一斉に静まり返って、ゆったりと歩いてくる聖と黒瀬に視線が集中した。
生徒会の三人と花咲は呆気にとられたように、そちらへ振り向く。
「…あ、あんた誰っ」
「風紀委員会です。文化祭中の揉め事は厳重処罰になるとアナウンスされましたよね? 聞きませんでした? それと生徒会の皆さん。まだ自覚がないのですか? ご自身の立場をわきまえるべきだと」
「黒瀬君、いきなり話すと驚いてしまうよ」
「すみません、委員長」
「さ、風紀委員会、特別対策室で話し合おうね」
そう話した聖の声が冷たくて、生徒会役員は静かに頷いた。
黒瀬が先に生徒会役員を誘導し、聖は笑顔を浮かべて花咲を見つめる。
花咲はな、なんだよ、と一歩後ずさった。
「君が心路の天敵、ね。あの子にはもったいないな。こんな中身空っぽなのは」
「っ、うっ、うるさい!!」
花咲が手を振り上げるのを見て、聖は笑顔を浮かべたまま向かってくる腕をさっと居なして、腕を背中に回すようにひねり上げた。
痛みに桜が悲鳴を上げるのを聞いて、聖は笑い声を上げた。
「はい、花咲君も一緒に行こうね。…さ、皆さん続きを楽しんで」
周りにそう声をかけてから花咲を押しながら、風紀員会の待機室の隣に設置した取り調べ室へ向かった。
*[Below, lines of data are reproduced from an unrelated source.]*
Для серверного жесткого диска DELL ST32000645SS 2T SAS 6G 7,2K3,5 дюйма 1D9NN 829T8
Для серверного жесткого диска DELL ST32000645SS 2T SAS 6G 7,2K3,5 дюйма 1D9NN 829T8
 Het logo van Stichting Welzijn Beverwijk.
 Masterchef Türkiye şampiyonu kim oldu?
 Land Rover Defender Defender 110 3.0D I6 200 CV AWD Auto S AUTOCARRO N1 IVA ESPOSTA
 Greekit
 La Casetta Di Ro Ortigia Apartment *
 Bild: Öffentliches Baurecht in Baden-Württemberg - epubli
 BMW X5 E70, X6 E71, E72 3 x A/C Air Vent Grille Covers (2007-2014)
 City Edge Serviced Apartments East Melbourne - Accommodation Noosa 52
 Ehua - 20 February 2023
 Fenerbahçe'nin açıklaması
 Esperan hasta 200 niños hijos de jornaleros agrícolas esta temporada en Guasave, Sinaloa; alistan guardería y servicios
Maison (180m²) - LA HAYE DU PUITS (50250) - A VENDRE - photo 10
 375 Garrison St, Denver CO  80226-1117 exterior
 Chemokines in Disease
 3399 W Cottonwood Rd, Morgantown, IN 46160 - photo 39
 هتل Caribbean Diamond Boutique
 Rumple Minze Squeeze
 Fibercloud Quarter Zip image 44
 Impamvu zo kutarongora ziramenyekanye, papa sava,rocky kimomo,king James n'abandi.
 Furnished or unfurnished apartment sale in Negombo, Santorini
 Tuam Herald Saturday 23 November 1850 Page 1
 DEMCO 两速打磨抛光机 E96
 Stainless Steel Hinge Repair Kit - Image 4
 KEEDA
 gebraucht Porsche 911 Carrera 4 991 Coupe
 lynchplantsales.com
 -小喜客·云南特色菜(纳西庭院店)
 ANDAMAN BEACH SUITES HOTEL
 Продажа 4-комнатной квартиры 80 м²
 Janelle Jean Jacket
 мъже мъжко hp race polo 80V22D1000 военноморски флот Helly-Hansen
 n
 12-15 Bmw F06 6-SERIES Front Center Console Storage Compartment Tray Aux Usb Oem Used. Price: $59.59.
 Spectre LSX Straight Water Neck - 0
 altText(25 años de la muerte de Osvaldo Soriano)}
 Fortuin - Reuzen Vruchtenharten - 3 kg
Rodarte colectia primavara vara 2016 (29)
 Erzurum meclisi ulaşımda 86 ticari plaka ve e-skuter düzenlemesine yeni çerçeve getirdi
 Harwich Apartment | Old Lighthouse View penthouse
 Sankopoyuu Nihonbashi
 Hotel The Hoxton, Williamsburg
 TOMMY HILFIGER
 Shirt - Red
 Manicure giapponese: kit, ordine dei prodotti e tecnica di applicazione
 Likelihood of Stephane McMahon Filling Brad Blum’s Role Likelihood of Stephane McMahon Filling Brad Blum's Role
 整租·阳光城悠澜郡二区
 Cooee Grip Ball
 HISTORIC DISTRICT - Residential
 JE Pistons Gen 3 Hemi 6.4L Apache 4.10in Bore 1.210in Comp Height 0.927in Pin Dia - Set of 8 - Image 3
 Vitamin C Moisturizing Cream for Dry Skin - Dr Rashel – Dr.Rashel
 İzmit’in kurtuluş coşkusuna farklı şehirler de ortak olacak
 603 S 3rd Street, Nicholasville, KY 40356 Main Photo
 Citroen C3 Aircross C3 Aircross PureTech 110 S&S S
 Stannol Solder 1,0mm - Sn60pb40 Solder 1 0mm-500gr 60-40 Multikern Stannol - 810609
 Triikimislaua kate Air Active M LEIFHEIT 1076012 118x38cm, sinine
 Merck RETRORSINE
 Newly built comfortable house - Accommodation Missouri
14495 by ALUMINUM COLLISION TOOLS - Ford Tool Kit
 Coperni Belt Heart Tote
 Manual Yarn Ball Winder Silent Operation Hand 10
初めて自ら関わってみたが、聖は目の前の生き物本当に同年代なのか疑ってしまった。
自分よりうんと幼く見える心路よりもずっと幼い。
そしてめいわくを顧みないあたり、好きになれないな。
そう感じた。
わあわあ喚く言葉は何を言っているのか理解できないから頭に入れない。
聖は返事をしないまま、花咲の背中を押し進む。
取締室として使用している空き教室を開けて、椅子に座るように勧めた。
「生徒会役員には別の風紀委員が話を聞いているから、公平性は保てています。ここで話していただいた内容は、処罰以外には他言しないので安心してください」
風紀委員の文言を言いながら、様子を見る。
目の前の花咲は座ったがいいが、すぐに立ち上がり動き回りそうな気がした。
仕方ない、そう呟いて、制圧組の生徒を呼ぶ。
中に入ってきた生徒がそばに立つのを確認してから、聖はパソコンを開いた。
「さて、君の弁明を聞こうか」
聖の笑った顔に、花咲の表情を引きつった。